Нам-то что? Джон тут же ей вдул, без всякой прелюдии. Без всяких поглаживаний по волосам, вздохов и печальных взглядов в потолок, обойдется. Не отдохнув, не похрапев предварительно, с этой цыпочкой все было иначе… Вскоре она получила работу в больнице. Сестра Дэвис. Мы все еще трахаемся. Ее муж Деннис – ночной сторож. Она все время твердит, как, мол, здорово, что Деннис ничего не знает, и она надеется, что он никогда не узнает. Да что с ними такое, с этими людьми? Наверное, они помнят только то, что хотят помнить. По-моему, в нашем случае мы с Джоном должны хлопнуть по рукам и вознести убогую хвалу человеческому таланту забывать: забвение – это порой не размыв и порча, но активная деятельность. Джон забывает. Медсестра Дэвис забывает. Забывает ее муж Деннис, подрагивая от холода по пути на работу, когда идет сторожить ночь.
* * *
Скорее из чистого педантизма я пытаюсь найти связь между этими двумя интересами, двумя видами женских тел. Одно тело развалилось на ковчеге из подушек – уютно взъерошенное, источая аромат свежей сдобы (тут вы от меня возражений не ждите: женщины действительно прекрасны); другое тело, холодное и плоское, лежит на столе, и кровь стекает с краев столешницы, пламенея как закат. У Джона встает в обоих случаях. Он, наверное, думает: вот еще одна. Еще одно лицо со свадебным шлейфом волос. Еще одна потрясающе мощная ляжка. Еще одна матка.

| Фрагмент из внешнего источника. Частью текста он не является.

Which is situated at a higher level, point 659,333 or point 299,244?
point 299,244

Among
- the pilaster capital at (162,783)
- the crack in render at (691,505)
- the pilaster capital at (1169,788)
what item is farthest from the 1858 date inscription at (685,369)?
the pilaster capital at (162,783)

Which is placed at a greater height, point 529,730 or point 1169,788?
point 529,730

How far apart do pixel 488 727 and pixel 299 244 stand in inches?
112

С детьми на педиатрическом отделении, где никогда не гаснет свет, где маленькие жертвы, которых мы терпеливо уродуем, лежат напичканные лекарствами, несчастные и нетерпеливые, – с детьми Джон оперативнее всего. Он проносится по отделению с застывшей, как у скелета, улыбкой, выхватывая у детей игрушки и леденцы. Никаких эмоций. Его пронимают только мужчины. Даже забавно. Он смотрит им в глаза таким взглядом, будто исповедуется. Признается в том, что у них есть право, которое он сейчас попирает. А в чем оно, это право? Это право жить и любить.
Джонни словно бы чувствует: с мужчинами врачебный номер может и не пройти. Мужчины представляют угрозу главной врачебной тайне – тайне обладания некой властью; ведь если власть не используется, она становится неуправляемой и оборачивается против самих врачей.

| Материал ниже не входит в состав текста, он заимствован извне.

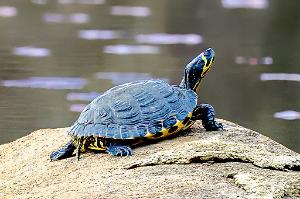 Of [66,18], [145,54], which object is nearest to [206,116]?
[145,54]

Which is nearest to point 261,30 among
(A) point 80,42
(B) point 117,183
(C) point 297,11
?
(C) point 297,11

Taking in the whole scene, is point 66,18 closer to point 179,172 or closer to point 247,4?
point 247,4

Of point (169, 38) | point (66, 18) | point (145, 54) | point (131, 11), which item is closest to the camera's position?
point (145, 54)

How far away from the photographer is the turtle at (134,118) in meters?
2.92

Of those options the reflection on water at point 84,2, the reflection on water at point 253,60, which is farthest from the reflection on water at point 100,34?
the reflection on water at point 84,2

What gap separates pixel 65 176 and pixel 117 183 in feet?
1.12

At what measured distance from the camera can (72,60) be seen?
658 centimetres

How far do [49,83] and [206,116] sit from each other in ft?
9.28

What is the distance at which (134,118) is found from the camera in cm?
294

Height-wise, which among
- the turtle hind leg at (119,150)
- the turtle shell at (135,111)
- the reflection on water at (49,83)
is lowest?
the reflection on water at (49,83)

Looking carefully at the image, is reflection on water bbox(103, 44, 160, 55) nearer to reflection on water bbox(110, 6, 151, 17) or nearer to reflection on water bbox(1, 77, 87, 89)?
reflection on water bbox(1, 77, 87, 89)

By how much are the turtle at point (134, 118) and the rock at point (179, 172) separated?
39 mm

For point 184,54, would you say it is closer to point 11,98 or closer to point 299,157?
point 11,98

Картер являлся исключением, как в этом, так и во всем остальном, но вообще-то я привык считать себя примерно одного возраста с правящим президентом США. Люди говорят, что я похож на Джерри Форда, хотя сейчас я гораздо лучше выгляжу, во всяком случае, я был моложе ЛБД, но я определенно старше ДФК, который даже симпатичнее меня. ДФК – его привезли из Вашингтона; поднятый на ноги докторскими скальпелями и снайперскими пулями, он проехал по улицам Далласа, и народ приветствовал его как героя.
Несмотря на годы постоянного разоружения, сейчас все вновь заговорили о ядерной войне, и даже серьезней, чем раньше. Эх, если бы я мог угомонить их. Ее не будет. Ну-ка, представьте себе, какие для нее нужны приготовления. А никто к ним даже не приступал.